**WORK REQUEST:** Although the data below holds other lines too, output only those from the line with "Figure 4: TIA1a" up to and including the line with "Dog Vulva Tumor", exactly as they appear.

**RECORDS FOR THE TASK:**
==========

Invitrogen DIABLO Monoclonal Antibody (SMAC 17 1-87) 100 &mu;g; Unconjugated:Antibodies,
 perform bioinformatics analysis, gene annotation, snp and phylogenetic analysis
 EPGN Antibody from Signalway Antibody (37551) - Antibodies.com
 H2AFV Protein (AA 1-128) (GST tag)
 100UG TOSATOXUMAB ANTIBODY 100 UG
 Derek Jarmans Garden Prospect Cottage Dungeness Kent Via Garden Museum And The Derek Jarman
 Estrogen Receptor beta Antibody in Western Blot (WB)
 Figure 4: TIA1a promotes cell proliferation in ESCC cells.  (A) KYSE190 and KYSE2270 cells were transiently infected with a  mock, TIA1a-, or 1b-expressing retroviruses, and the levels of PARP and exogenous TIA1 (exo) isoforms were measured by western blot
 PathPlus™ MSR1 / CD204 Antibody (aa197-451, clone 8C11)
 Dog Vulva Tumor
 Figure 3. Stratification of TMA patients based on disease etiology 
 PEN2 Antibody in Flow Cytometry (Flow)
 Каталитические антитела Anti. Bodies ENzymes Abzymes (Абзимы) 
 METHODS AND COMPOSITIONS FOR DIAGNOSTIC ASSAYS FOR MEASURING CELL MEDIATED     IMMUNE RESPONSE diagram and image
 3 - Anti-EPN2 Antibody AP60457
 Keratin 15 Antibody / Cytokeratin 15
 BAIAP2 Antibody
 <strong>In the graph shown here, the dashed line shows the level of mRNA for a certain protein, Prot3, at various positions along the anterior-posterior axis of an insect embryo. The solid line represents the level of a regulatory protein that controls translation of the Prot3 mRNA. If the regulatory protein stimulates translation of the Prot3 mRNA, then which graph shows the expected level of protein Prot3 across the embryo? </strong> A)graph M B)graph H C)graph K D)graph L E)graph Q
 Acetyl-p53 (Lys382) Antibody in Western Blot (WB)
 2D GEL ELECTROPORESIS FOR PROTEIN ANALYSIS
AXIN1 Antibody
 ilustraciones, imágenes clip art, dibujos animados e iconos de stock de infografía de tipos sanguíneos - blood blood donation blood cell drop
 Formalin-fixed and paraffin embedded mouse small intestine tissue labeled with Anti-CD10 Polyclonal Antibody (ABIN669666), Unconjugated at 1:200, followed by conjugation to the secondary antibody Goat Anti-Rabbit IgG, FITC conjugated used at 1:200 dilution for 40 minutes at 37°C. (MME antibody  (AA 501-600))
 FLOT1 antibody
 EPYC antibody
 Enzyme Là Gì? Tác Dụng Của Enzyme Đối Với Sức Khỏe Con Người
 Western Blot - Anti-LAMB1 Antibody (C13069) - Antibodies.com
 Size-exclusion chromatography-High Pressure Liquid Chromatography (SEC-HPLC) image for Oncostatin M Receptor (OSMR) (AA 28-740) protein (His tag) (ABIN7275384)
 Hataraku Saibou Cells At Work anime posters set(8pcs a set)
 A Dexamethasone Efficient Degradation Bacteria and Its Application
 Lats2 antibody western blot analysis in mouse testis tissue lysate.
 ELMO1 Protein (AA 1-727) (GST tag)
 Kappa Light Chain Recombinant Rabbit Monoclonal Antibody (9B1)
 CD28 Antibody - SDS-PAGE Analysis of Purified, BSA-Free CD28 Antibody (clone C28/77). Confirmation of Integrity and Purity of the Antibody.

==========

**OUTPUT FOR THIS TASK:**
 Figure 4: TIA1a promotes cell proliferation in ESCC cells.  (A) KYSE190 and KYSE2270 cells were transiently infected with a  mock, TIA1a-, or 1b-expressing retroviruses, and the levels of PARP and exogenous TIA1 (exo) isoforms were measured by western blot
 PathPlus™ MSR1 / CD204 Antibody (aa197-451, clone 8C11)
 Dog Vulva Tumor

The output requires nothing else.